## Exercise details
The reply should hold every line of the data below, unchanged, and none of the pictures.

## Record set
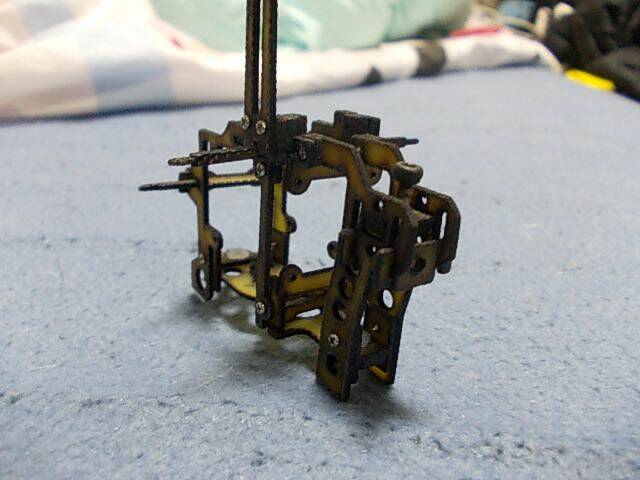 DSCN1265.JPG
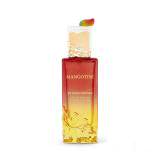 Gulf Orchid Mocktail Collection Mangotini Eau de Parfum 100 ml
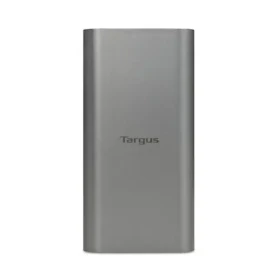 DELL Targus 100W / Prenosná powerbanka / 2x USB-C / 1x USB-A / 25000 mAh (451-BDJD)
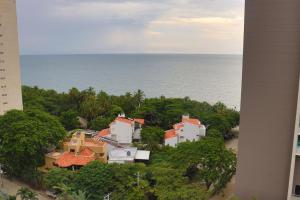 Sui Loft santa marta
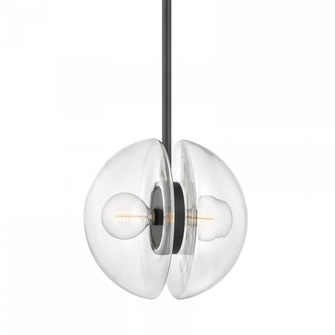 Kert Pendant (57|9417-BBR)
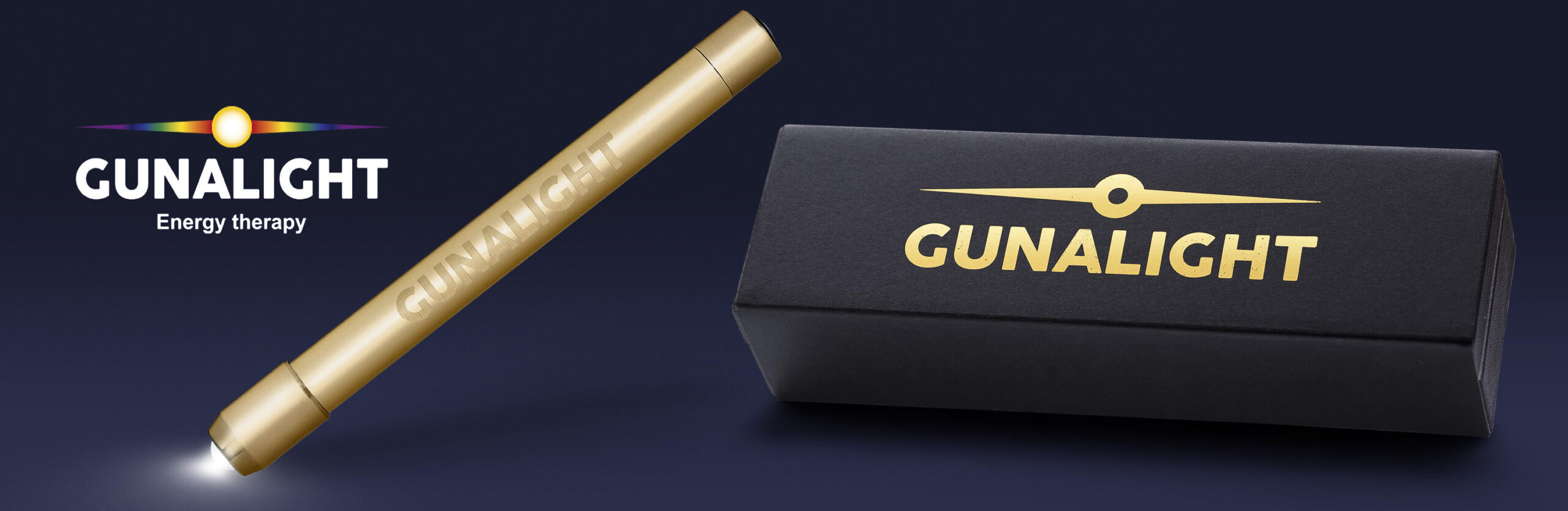 gunalight3
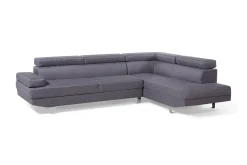 Norrea Hjørnesofa 261 cm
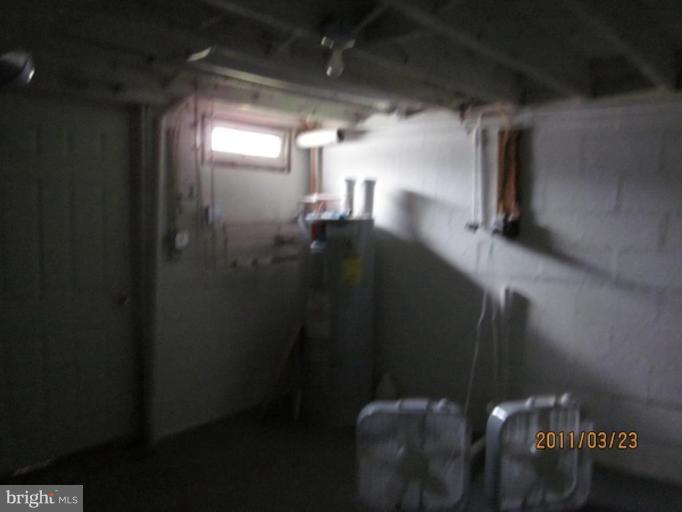 122 Hatchery Road Inwood, WV 25428 - Photo 19 of 19 Basement #3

## Expected answer
 DSCN1265.JPG
 Gulf Orchid Mocktail Collection Mangotini Eau de Parfum 100 ml
 DELL Targus 100W / Prenosná powerbanka / 2x USB-C / 1x USB-A / 25000 mAh (451-BDJD)
 Sui Loft santa marta
 Kert Pendant (57|9417-BBR)
 gunalight3
 Norrea Hjørnesofa 261 cm
 122 Hatchery Road Inwood, WV 25428 - Photo 19 of 19 Basement #3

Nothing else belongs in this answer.